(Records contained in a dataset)
►

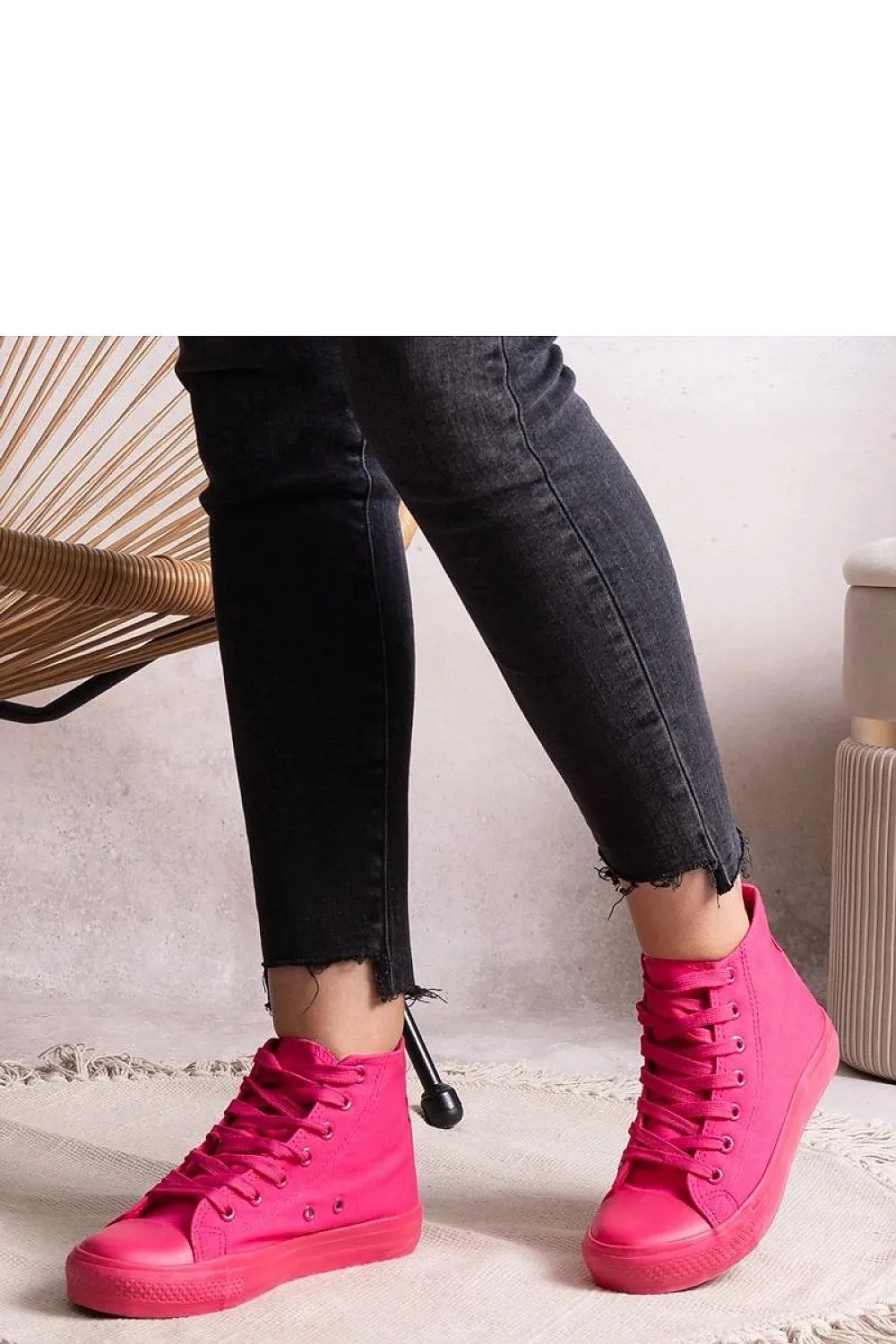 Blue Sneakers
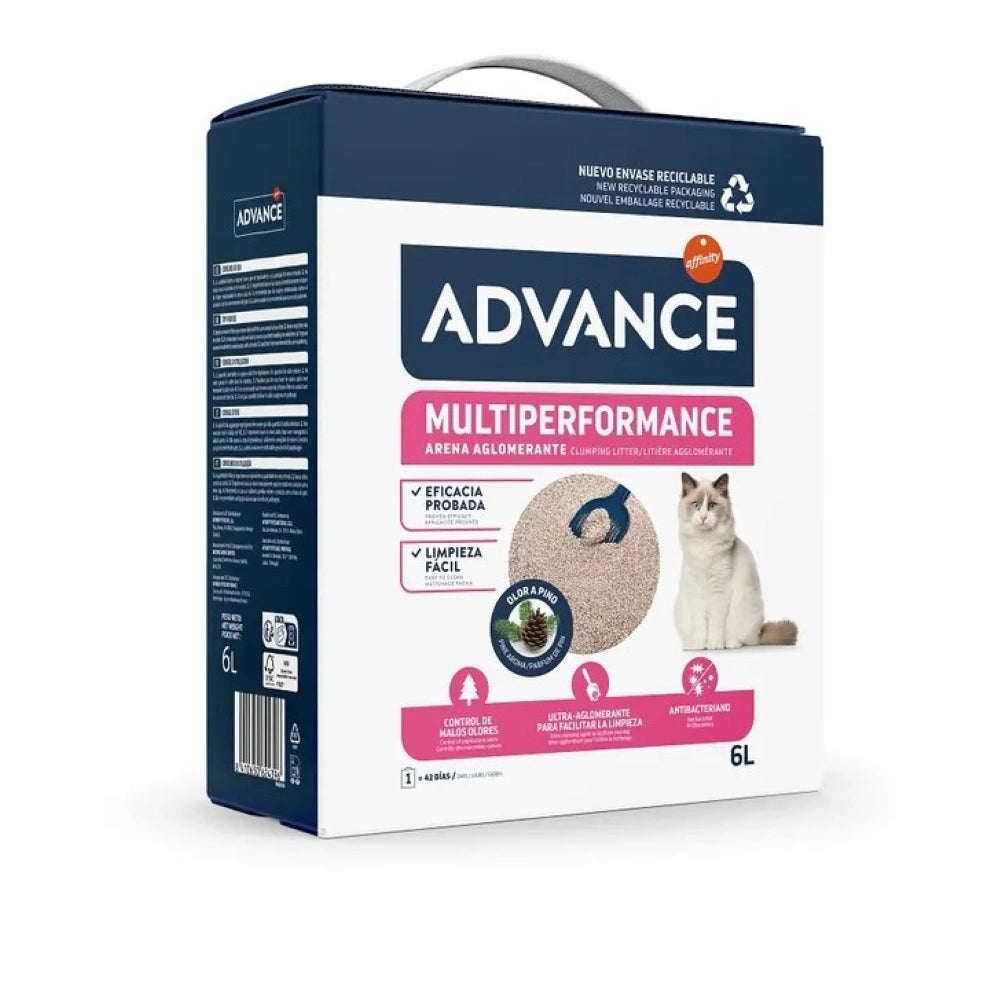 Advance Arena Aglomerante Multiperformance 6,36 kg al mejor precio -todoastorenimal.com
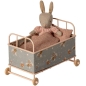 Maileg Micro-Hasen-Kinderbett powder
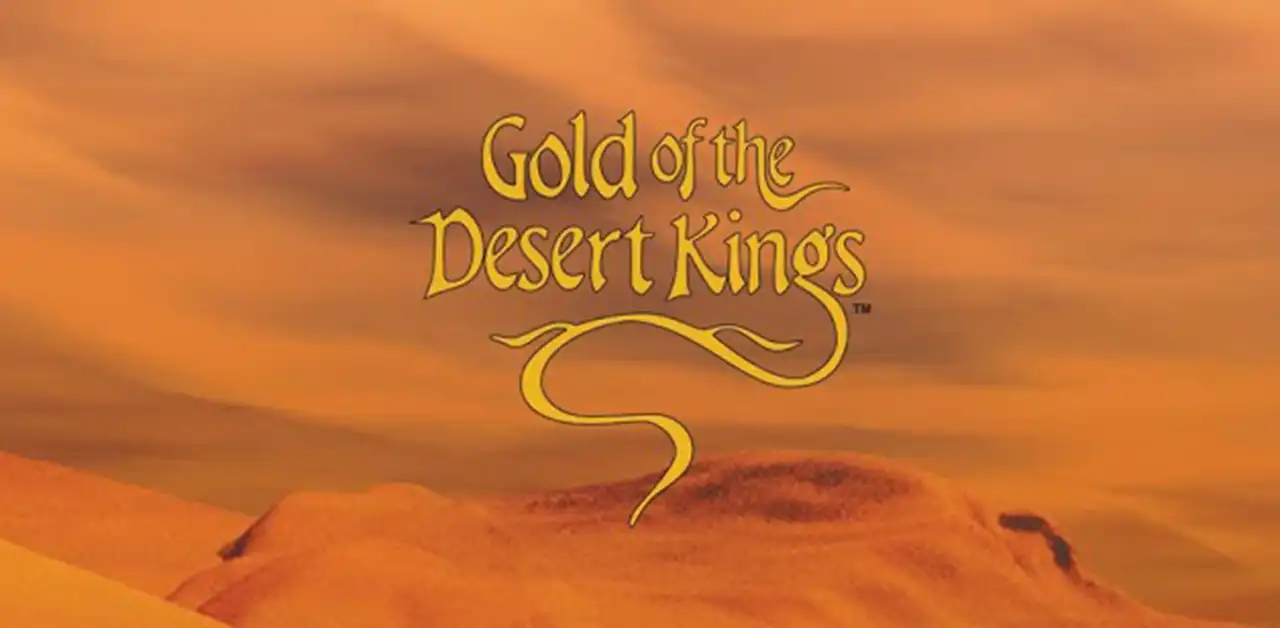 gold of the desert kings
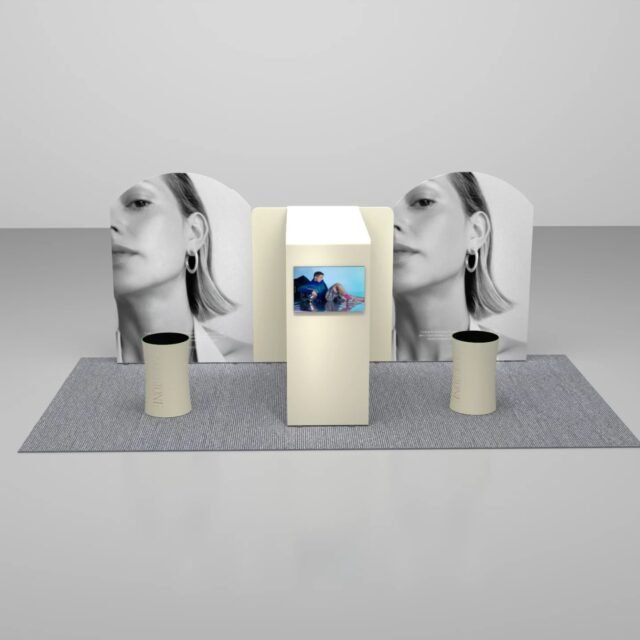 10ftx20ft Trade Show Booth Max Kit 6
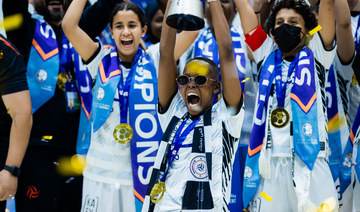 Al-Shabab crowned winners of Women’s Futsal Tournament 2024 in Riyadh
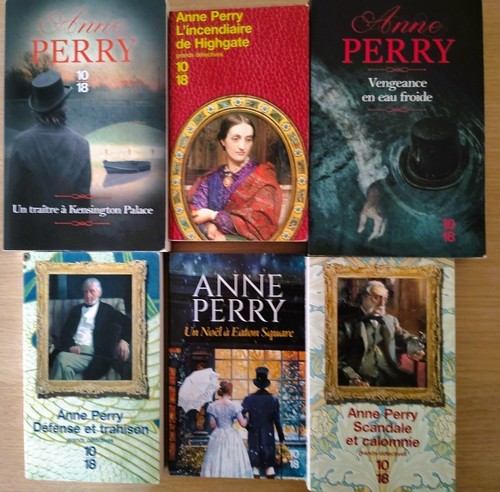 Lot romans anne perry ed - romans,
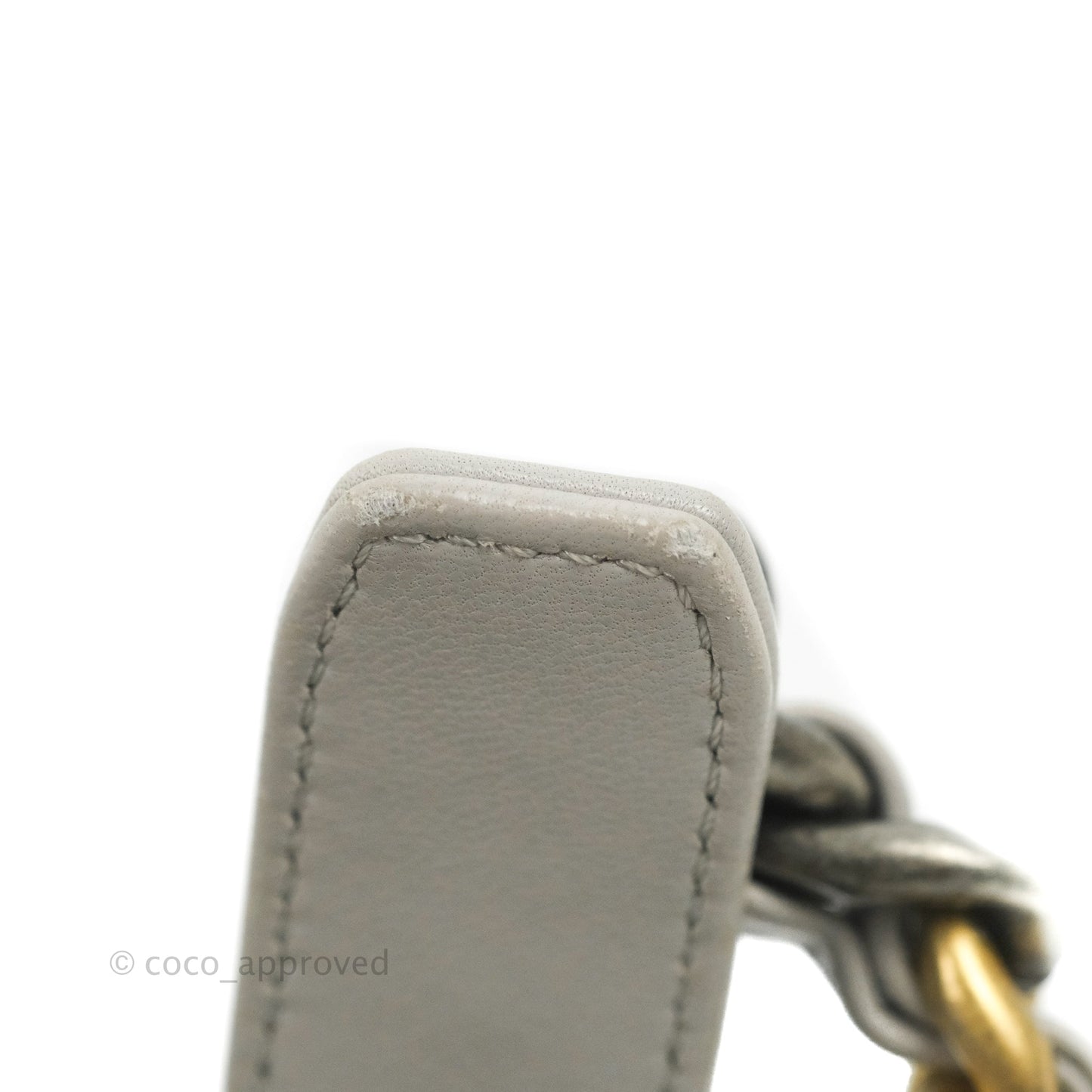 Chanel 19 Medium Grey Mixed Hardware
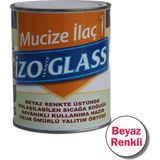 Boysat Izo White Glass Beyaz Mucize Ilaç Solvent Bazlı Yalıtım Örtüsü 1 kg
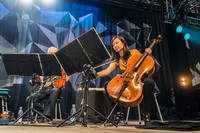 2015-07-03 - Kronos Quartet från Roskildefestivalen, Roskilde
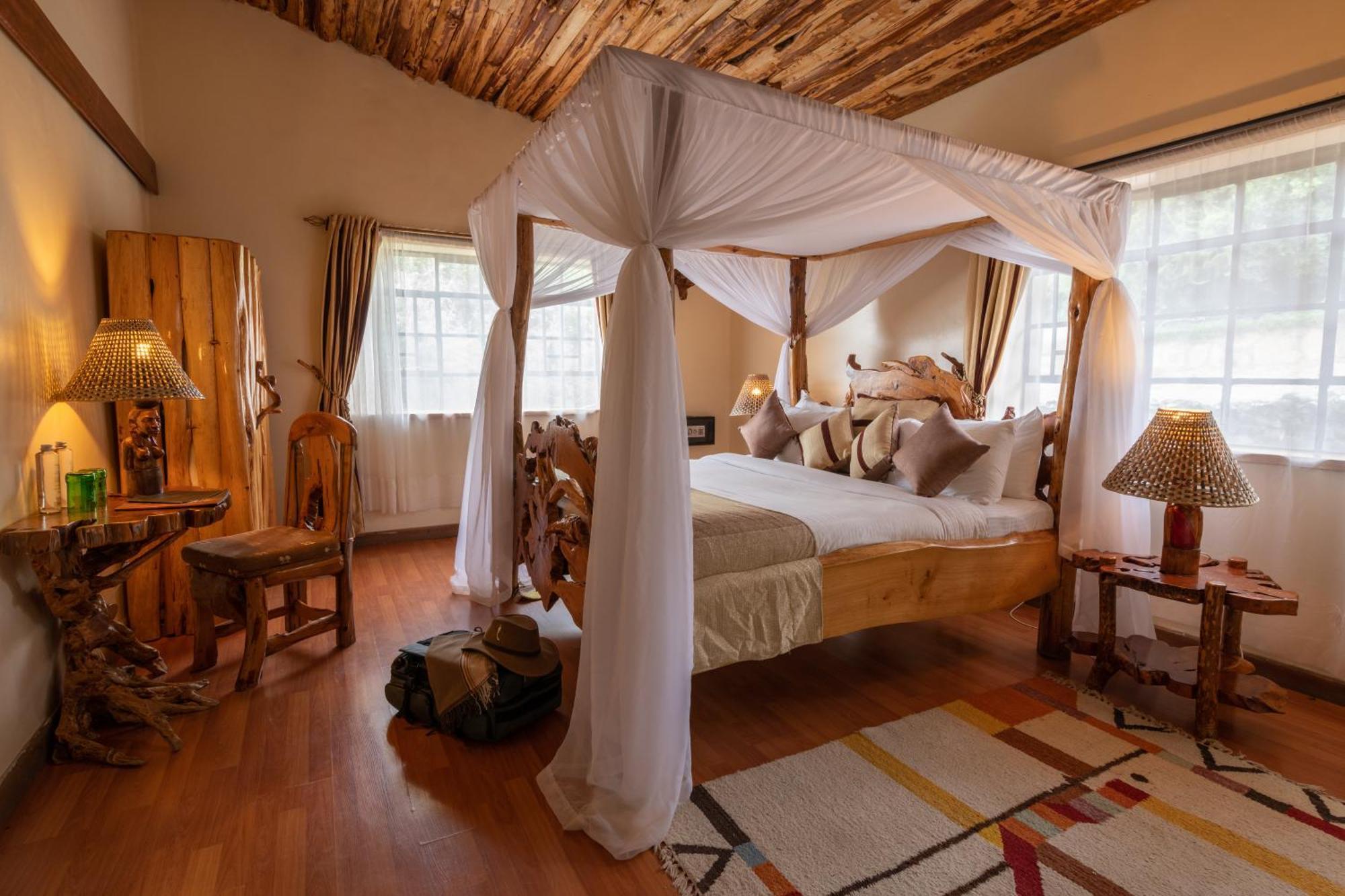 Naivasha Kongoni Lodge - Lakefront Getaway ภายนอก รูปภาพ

◄

Directions for this task: In the records above, find the line containing "Chanel 19 Medium Grey Mixed Hardware" and output every line from the first through that one, exactly, omitting pictures.

Response area:
 Blue Sneakers
 Advance Arena Aglomerante Multiperformance 6,36 kg al mejor precio -todoastorenimal.com
 Maileg Micro-Hasen-Kinderbett powder
 gold of the desert kings
 10ftx20ft Trade Show Booth Max Kit 6
 Al-Shabab crowned winners of Women’s Futsal Tournament 2024 in Riyadh
 Lot romans anne perry ed - romans,
 Chanel 19 Medium Grey Mixed Hardware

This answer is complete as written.